**PROBLEM DESCRIPTION**
Nothing but the lines from the one with "Tetris po padesátce" through the final line of the entries below should be written out, each exactly as given.

**DATA**
+ + + + +
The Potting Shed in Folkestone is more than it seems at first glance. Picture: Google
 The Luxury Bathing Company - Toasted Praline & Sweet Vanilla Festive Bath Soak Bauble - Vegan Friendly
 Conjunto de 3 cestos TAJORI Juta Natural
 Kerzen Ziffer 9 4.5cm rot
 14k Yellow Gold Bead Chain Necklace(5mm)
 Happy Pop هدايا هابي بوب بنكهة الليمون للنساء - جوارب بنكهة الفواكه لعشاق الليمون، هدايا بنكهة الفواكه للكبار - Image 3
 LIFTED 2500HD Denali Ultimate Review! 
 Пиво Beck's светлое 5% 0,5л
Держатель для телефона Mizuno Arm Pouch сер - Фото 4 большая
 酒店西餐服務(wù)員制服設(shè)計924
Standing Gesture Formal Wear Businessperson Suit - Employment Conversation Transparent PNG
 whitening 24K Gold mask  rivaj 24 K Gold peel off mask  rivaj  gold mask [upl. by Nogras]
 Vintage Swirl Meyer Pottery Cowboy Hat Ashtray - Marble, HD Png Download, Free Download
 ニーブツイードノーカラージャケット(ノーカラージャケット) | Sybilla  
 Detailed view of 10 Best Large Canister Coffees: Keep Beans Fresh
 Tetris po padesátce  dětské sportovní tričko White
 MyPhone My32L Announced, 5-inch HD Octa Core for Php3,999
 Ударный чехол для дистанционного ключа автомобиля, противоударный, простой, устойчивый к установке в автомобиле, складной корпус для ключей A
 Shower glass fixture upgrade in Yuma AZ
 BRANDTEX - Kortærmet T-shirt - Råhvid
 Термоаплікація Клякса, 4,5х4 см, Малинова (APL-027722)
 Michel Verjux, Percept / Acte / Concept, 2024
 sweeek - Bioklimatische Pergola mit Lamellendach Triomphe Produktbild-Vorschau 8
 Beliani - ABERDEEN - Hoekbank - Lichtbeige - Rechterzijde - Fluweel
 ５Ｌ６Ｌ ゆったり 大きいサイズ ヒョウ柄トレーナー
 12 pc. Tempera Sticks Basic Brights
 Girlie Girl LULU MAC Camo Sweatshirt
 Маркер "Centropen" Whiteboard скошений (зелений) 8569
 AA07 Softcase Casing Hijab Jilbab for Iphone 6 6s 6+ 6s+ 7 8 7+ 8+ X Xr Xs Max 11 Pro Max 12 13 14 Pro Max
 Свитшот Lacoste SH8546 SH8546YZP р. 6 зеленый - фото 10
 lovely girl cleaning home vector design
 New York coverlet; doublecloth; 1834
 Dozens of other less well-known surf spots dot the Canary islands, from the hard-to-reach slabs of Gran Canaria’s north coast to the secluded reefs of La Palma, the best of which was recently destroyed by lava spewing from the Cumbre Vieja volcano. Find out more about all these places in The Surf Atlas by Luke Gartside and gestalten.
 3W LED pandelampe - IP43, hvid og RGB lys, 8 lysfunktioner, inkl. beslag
+ + + + +
**ANSWER FOR THIS EXERCISE**
 Tetris po padesátce  dětské sportovní tričko White
 MyPhone My32L Announced, 5-inch HD Octa Core for Php3,999
 Ударный чехол для дистанционного ключа автомобиля, противоударный, простой, устойчивый к установке в автомобиле, складной корпус для ключей A
 Shower glass fixture upgrade in Yuma AZ
 BRANDTEX - Kortærmet T-shirt - Råhvid
 Термоаплікація Клякса, 4,5х4 см, Малинова (APL-027722)
 Michel Verjux, Percept / Acte / Concept, 2024
 sweeek - Bioklimatische Pergola mit Lamellendach Triomphe Produktbild-Vorschau 8
 Beliani - ABERDEEN - Hoekbank - Lichtbeige - Rechterzijde - Fluweel
 ５Ｌ６Ｌ ゆったり 大きいサイズ ヒョウ柄トレーナー
 12 pc. Tempera Sticks Basic Brights
 Girlie Girl LULU MAC Camo Sweatshirt
 Маркер "Centropen" Whiteboard скошений (зелений) 8569
 AA07 Softcase Casing Hijab Jilbab for Iphone 6 6s 6+ 6s+ 7 8 7+ 8+ X Xr Xs Max 11 Pro Max 12 13 14 Pro Max
 Свитшот Lacoste SH8546 SH8546YZP р. 6 зеленый - фото 10
 lovely girl cleaning home vector design
 New York coverlet; doublecloth; 1834
 Dozens of other less well-known surf spots dot the Canary islands, from the hard-to-reach slabs of Gran Canaria’s north coast to the secluded reefs of La Palma, the best of which was recently destroyed by lava spewing from the Cumbre Vieja volcano. Find out more about all these places in The Surf Atlas by Luke Gartside and gestalten.
 3W LED pandelampe - IP43, hvid og RGB lys, 8 lysfunktioner, inkl. beslag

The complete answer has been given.